The data in the CSV file looks like this
FRIDAY,1.234,2.456,1.059
Created 05-03-2017 08:53 AM
That is always a night mare in JAVA based tools. Hive relies on JAVA (plus SQL) so it respects the IEEE standard for number semantics. That means especially NaN (not a number) values in float columns are a tricky thing.
First of all: Have you tested what is returned for the '#N/A' columns when you do a select? I guess it is rather 'NaN' than '#N/A'.
So after testing the return value, I would suggest to test two approaches. Either try to use cast():
cast(dollar as String) <>'NaN'
(because all possible NaN values are displayed as "NaN" even if they are not strictly "equal" in the arithmetical sense)
or do the old trick and test the value of the column to fit a mathematical operation like e.g.
dollar +1.0 > dollar
Created 05-03-2017 08:53 AM
That is always a night mare in JAVA based tools. Hive relies on JAVA (plus SQL) so it respects the IEEE standard for number semantics. That means especially NaN (not a number) values in float columns are a tricky thing.
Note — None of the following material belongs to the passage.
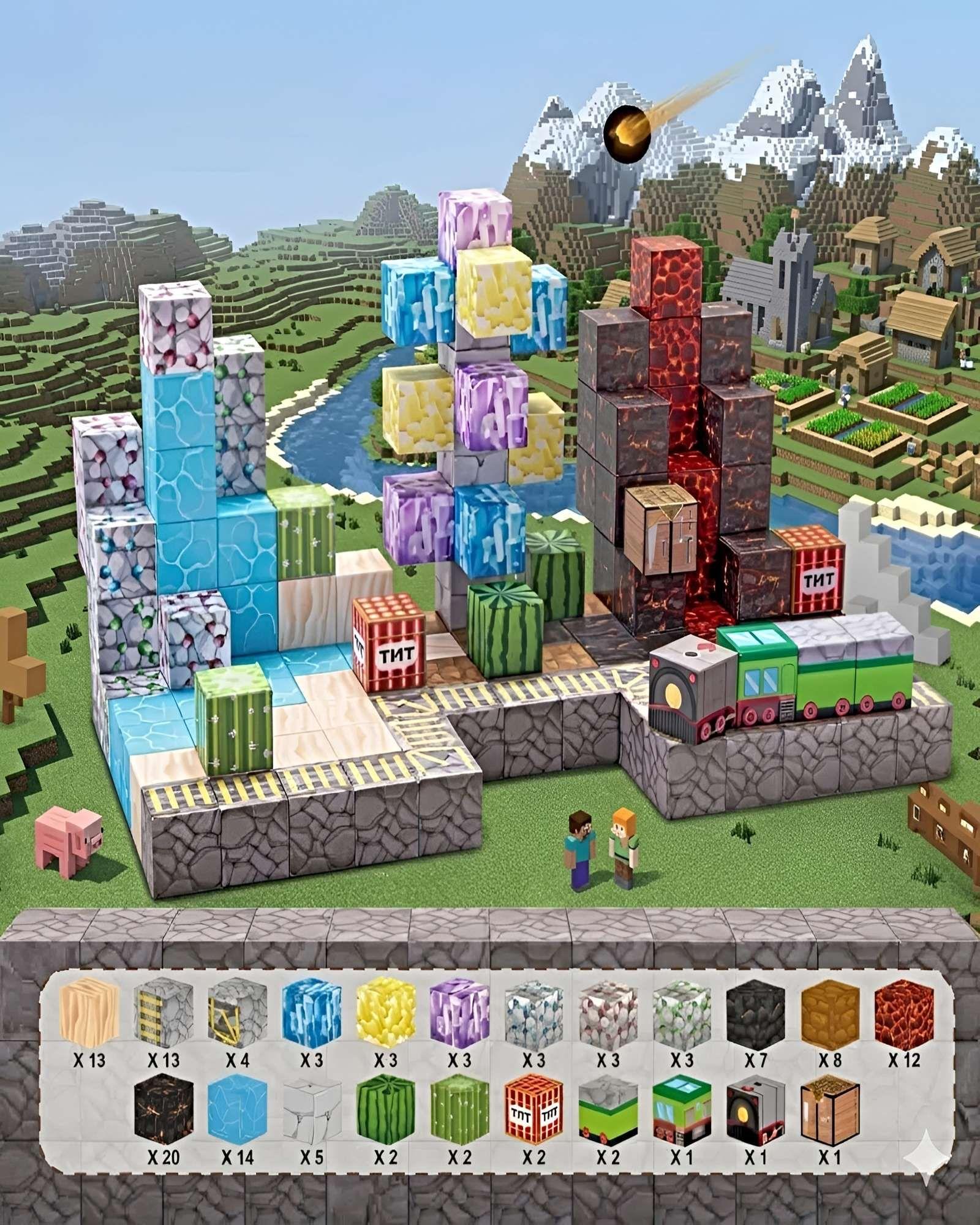 Juguete Cubo Magnetico 125 piezas-2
First of all: Have you tested what is returned for the '#N/A' columns when you do a select? I guess it is rather 'NaN' than '#N/A'.
So after testing the return value, I would suggest to test two approaches. Either try to use cast():
cast(dollar as String) <>'NaN'
(because all possible NaN values are displayed as "NaN" even if they are not strictly "equal" in the arithmetical sense)
or do the old trick and test the value of the column to fit a mathematical operation like e.g.
dollar +1.0 > dollar
Created 05-05-2017 06:52 AM
Thanks for your replay Peter. Actually, this was EXACTLY the question asked during my certification exam and the column was a string '#N/A'. I didn't know about the cast() function, so I was directly comparing float datatype to a string value using '!='. Also the SELECT wasn't returning any rows.
Created 05-05-2017 06:54 AM
Anyways, your answer has given an approach to solve this. Shall accept your answer.